On 01/09/2012 03:43 PM, Ulrich Weigand wrote:
> Pedro Alves wrote:
>> On 01/05/2012 07:53 PM, Ulrich Weigand wrote:
>>> Well, I guess one could implement some heuristics along those lines
>>> that do indeed work with Linux native and gdbserver targets.
>>> But this would still make a number of assumptions about how those fields
>>> are used -- which may be true at the moment, but not guaranteed.
>>>
>>> In particular, it seems to me that the remote protocol specification
>>> considers TID values to be defined by the remote side; the host side
>>> should only use them as identifiers without interpreting them.
>>
>> Yes, that is true in general.
>>
>>> While gdbserver does use the LWPID here, I don't think it is guaranteed that
>>> other implementations of the remote protocol do the same, even on
>>> Linux targets (i.e. where linux-tdep files get used).
>>
>> ... however, let's revisit the problem with a fresh start.
>>
>> We have a command "info proc FOO PID", that accepts any target process ID,
>> whose description is:
>>
>>   (gdb) help info proc
>>   Show /proc process information about any running process.
>>   Specify any process id, or use the program being debugged by default.
>>
>> Let's ignore the "or use the program being debugged by default" part
>> for now; it is a (big) convenience, and a separate problem, one of mapping
>> the program being debugged to a process id.  (The dropping of the
>> support for specifying any process id in the proposed implementations
>> seems more like accommodating the implementation, so let's step back on
>> that too.)
> 
> It seems to me we're getting to the core of the problem here.  For the
> existing "info proc" command, it indeed makes sense to talk about
> "process IDs", *because* the command is specific to a (native) target
> that supports processes and uses process IDs.
> 
> Except for this, common GDB user interface commands do not currently
> refer to "process IDs"; while GDB obviously used "ptid_t" internally,
> it is *interpreted* only by target code, common code at most uses it
> for comparions (is this the same process as another one).
> 
> [ The one obvious exception is the "attach" command which also takes
> a process ID.  However, this is arguably also a target-specific command,
> in that the generic implementation quickly calls through to target code
> that implements the operation, starting with *parsing the argument*. ]
> 
> Instead of refering to process IDs, GDB commands usually operate on
> the "current inferior", or else take GDB inferior (or thread) IDs as
> argument, which have no direct connection to the underlying OS
> process IDs.
> 
> It seems to me this was a deliberate decision to try and isolate the
> common GDB code and user interfaces from OS implementation details:
> GDB is supposed to work just the same on targets where there are no
> processes, or where they are identified by different means that just
> an integer ID.
> 
> 
> Now, given the "anomaly" of the "info proc" command as is, I guess
> there's two ways to look at how to move forward:
> 
> - We could say the anomaly was a mistake that we want to get rid of.
>   In this view, it naturally follows that we remove the PID argument
>   option and have the command operate on the "current inferior" as
>   all other commands.  This also makes an underlying interface that
>   would retrieve proc file content of the current inferior natural.
>   (This is what my patch set has implemented.)
> 
> - We say instead that, yes, we *want* OS PIDs to be used as first-
>   class user interface elements.  But this means to me that we
>   need to more generally make OS PIDs present in GDB common code
>   so that common code is at least able to associate its internal
>   notions of "inferior" with those IDs.  At a minimum, this would
>   imply we no longer consider "ptid_t" values to be opaque to
>   GDB common code, but rather enforce that they agree with user-
>   visible OS PID values.

Note that I'm not talking about the notion of a "process id" escape
escape to common/core code, but only to the linux gdbarch/osabi
specific bits; or other code that can deal with it, guarded by
"is there a notion of a process id on this target.
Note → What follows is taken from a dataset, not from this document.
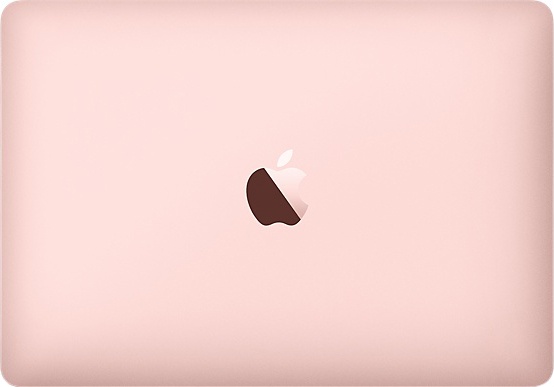 Laptop Apple Ultrabook Macbook MacBook 12" Retina MMGL2RU/A ROSE GOLD 12” / 8 GB / 256 GB / Core M3 / HD Graphics 515 / Auriu si roz photo 2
> Now, I'm not necessarily opposed to the second approach, I'm just
> not sure I see all the consequences ...   At a minimum, the use
> of the "magic 42000" becomes problematic if there is any chance
> the ptid_t gets exposed to the user at any point.
> 
>> So this sub-problem can be simply specified as:
>>
>>    Given a gdb inferior or thread, return it's target process id.
>>
>> Now, we can come up with a new method to retrieve that info from
>> the server.  However, all the Linux targets I know about that have
>> /proc contents access (gdbserver), have a 1:1 mapping in the RSP
>> between RSP process, and target process, so we might as well start
>> out with defaulting to assume that, and add such a mechanism when
>> we find a need for it.  IMO.
> 
> I don't quite understand what you mean here.  Could you elaborate
> how you propose to implement this routine "return the target process
> ID of a given GDB inferior/thread" without remote interface changes?
> This was exactly the "magic 42000" problem I was running into ...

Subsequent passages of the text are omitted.